[Image-text web data]
##############################

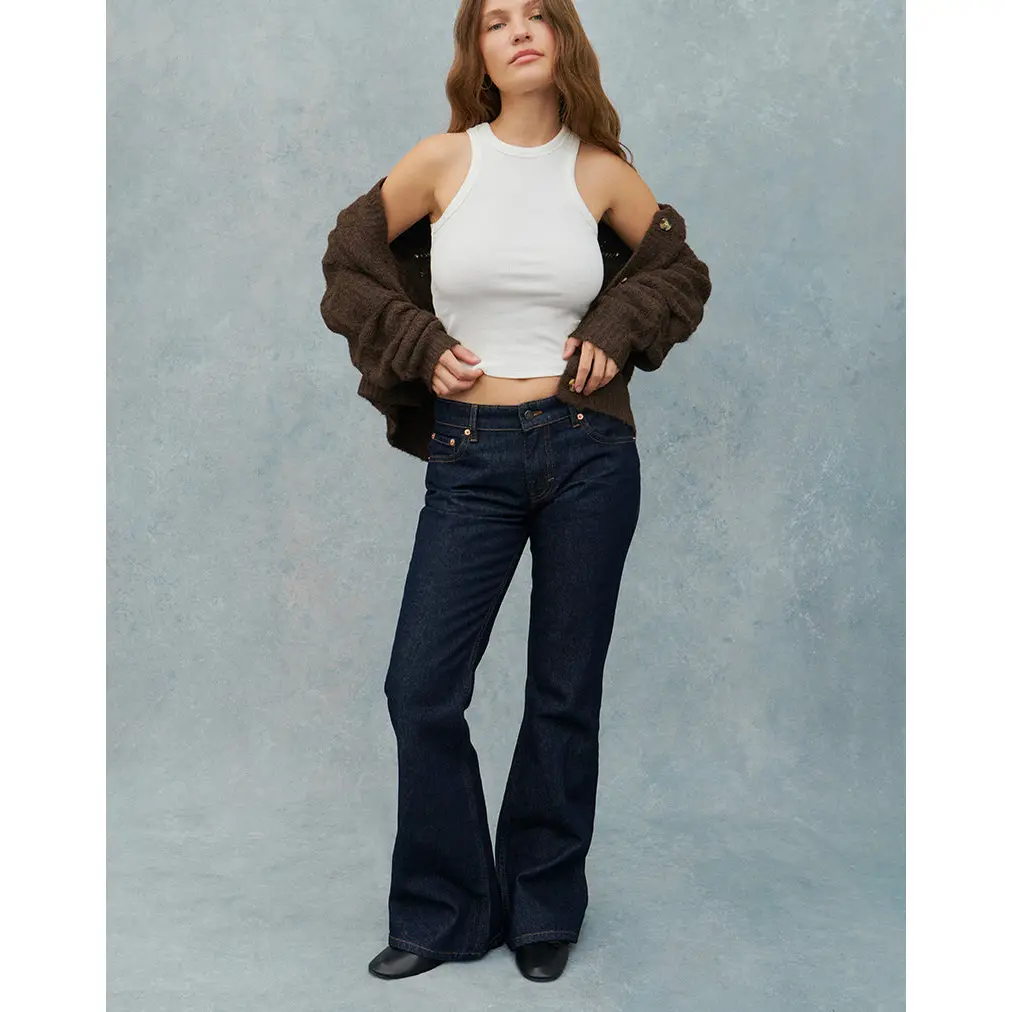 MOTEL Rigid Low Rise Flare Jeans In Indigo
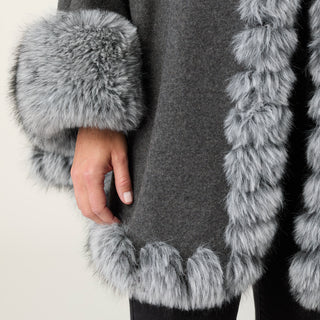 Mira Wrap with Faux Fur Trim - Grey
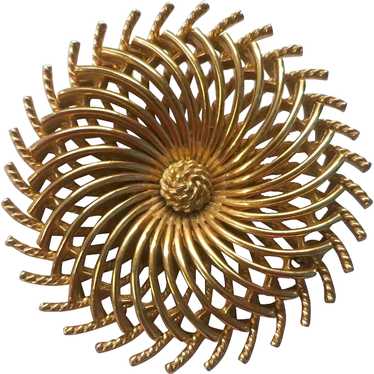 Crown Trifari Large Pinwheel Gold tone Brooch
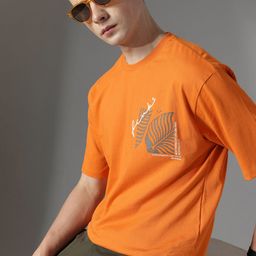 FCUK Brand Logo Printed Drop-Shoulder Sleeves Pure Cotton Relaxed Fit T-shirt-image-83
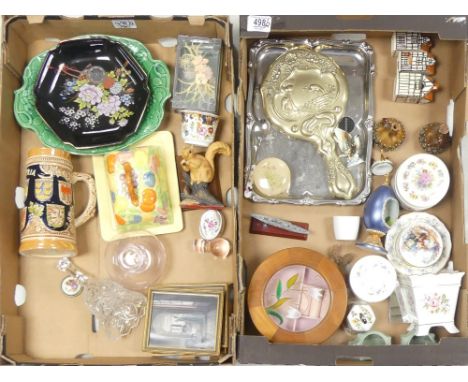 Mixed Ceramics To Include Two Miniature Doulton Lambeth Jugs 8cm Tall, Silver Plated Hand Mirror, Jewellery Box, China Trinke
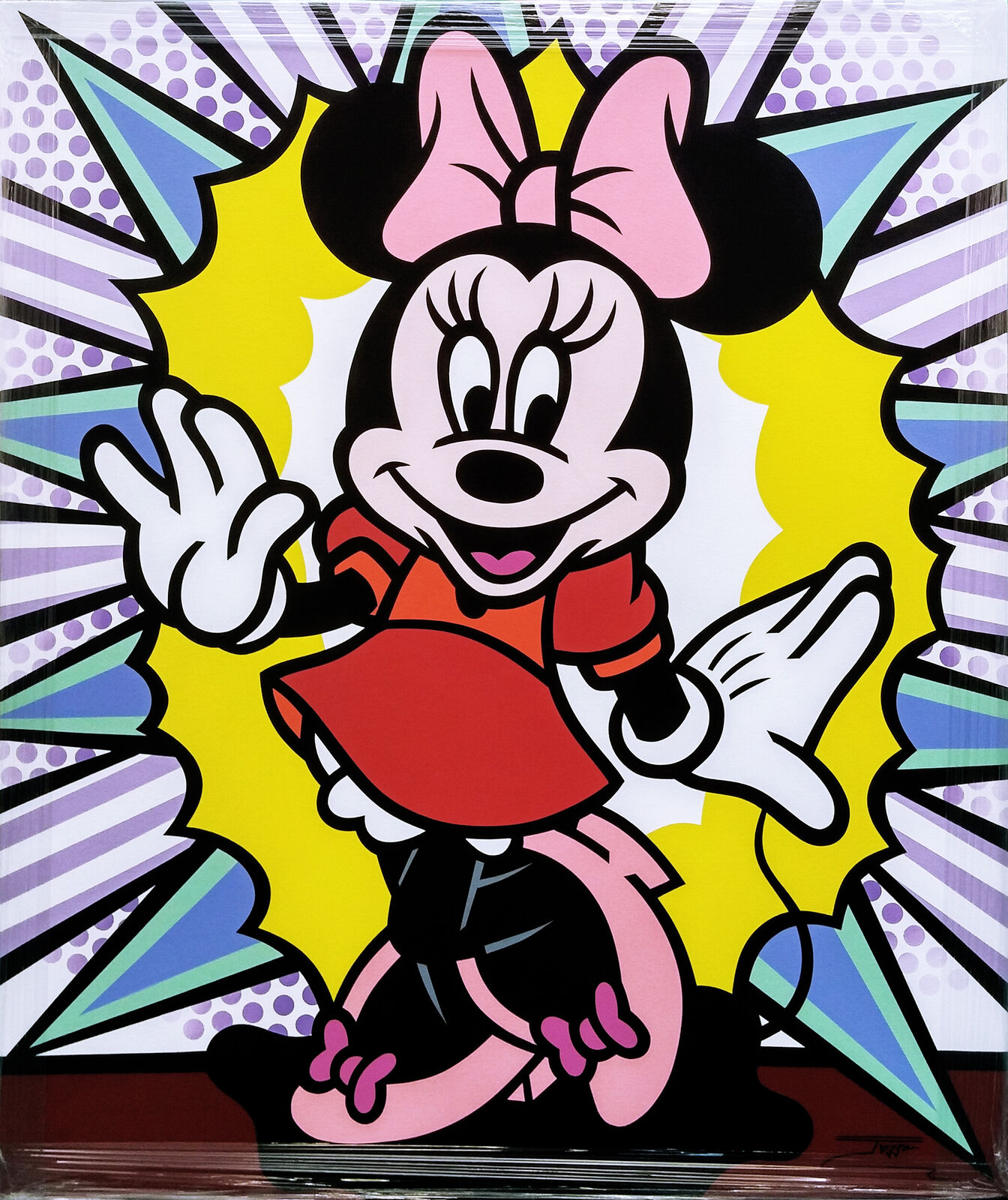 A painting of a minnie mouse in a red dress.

##############################

Omit the pictures, then extract verbatim only those lines that fall between the line containing "Crown Trifari Large" and the final line of the records above, both included.

 Crown Trifari Large Pinwheel Gold tone Brooch
 FCUK Brand Logo Printed Drop-Shoulder Sleeves Pure Cotton Relaxed Fit T-shirt-image-83
 Mixed Ceramics To Include Two Miniature Doulton Lambeth Jugs 8cm Tall, Silver Plated Hand Mirror, Jewellery Box, China Trinke
 A painting of a minnie mouse in a red dress.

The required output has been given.